### [Input material]
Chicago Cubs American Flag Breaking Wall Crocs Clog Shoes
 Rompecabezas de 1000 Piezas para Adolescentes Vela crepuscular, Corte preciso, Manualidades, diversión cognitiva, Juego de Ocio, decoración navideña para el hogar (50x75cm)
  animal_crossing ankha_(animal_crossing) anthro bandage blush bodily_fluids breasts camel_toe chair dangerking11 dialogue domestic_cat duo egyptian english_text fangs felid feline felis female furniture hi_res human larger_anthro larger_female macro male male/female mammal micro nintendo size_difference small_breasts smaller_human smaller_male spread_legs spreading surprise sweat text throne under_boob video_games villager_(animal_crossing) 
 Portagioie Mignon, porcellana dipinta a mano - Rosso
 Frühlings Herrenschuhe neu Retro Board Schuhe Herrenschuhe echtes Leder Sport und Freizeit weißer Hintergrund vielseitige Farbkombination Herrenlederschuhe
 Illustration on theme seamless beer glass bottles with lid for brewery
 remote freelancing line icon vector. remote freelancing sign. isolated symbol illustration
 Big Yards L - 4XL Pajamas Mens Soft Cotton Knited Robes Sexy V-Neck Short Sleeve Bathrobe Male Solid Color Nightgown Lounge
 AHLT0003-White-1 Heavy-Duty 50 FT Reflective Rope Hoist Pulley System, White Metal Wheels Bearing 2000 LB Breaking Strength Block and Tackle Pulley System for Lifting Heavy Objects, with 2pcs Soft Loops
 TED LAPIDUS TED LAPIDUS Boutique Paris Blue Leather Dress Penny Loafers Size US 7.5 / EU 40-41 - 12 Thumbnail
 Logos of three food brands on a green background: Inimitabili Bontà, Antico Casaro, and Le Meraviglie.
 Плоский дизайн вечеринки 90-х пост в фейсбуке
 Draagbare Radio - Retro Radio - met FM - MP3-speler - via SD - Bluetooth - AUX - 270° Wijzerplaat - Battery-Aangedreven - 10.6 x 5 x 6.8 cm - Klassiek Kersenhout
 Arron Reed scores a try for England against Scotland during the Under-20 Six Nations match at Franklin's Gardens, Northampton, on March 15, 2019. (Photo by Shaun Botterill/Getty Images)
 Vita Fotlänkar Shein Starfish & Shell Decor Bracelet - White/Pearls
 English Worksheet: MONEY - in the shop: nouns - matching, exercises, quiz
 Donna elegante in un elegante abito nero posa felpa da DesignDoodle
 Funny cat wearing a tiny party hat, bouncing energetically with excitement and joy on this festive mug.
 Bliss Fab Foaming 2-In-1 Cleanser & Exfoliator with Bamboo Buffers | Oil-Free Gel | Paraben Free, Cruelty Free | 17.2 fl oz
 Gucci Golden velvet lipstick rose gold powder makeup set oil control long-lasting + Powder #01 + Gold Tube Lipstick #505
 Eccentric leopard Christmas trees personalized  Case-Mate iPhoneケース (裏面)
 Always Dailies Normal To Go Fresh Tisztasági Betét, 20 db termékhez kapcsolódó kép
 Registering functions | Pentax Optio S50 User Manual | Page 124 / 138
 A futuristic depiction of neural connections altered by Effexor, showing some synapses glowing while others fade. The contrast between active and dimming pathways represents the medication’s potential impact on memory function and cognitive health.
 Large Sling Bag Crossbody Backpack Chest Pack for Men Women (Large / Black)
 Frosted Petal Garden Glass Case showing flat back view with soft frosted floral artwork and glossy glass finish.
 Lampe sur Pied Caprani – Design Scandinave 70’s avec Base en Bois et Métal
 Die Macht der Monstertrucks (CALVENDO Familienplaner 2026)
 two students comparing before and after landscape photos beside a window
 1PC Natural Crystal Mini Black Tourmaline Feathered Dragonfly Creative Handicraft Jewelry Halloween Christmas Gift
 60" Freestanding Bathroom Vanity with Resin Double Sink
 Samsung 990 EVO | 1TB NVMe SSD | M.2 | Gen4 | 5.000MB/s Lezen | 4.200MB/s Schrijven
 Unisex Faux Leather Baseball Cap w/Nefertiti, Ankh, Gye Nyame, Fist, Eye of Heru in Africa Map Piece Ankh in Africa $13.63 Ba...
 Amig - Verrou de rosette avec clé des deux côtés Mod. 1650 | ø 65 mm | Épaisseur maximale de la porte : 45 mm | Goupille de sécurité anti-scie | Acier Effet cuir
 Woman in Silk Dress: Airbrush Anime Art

### [Exercise goal]
Scan the records for the string "showing". Copy each line in which it appears.

### [Answer space]
 A futuristic depiction of neural connections altered by Effexor, showing some synapses glowing while others fade. The contrast between active and dimming pathways represents the medication’s potential impact on memory function and cognitive health.
 Frosted Petal Garden Glass Case showing flat back view with soft frosted floral artwork and glossy glass finish.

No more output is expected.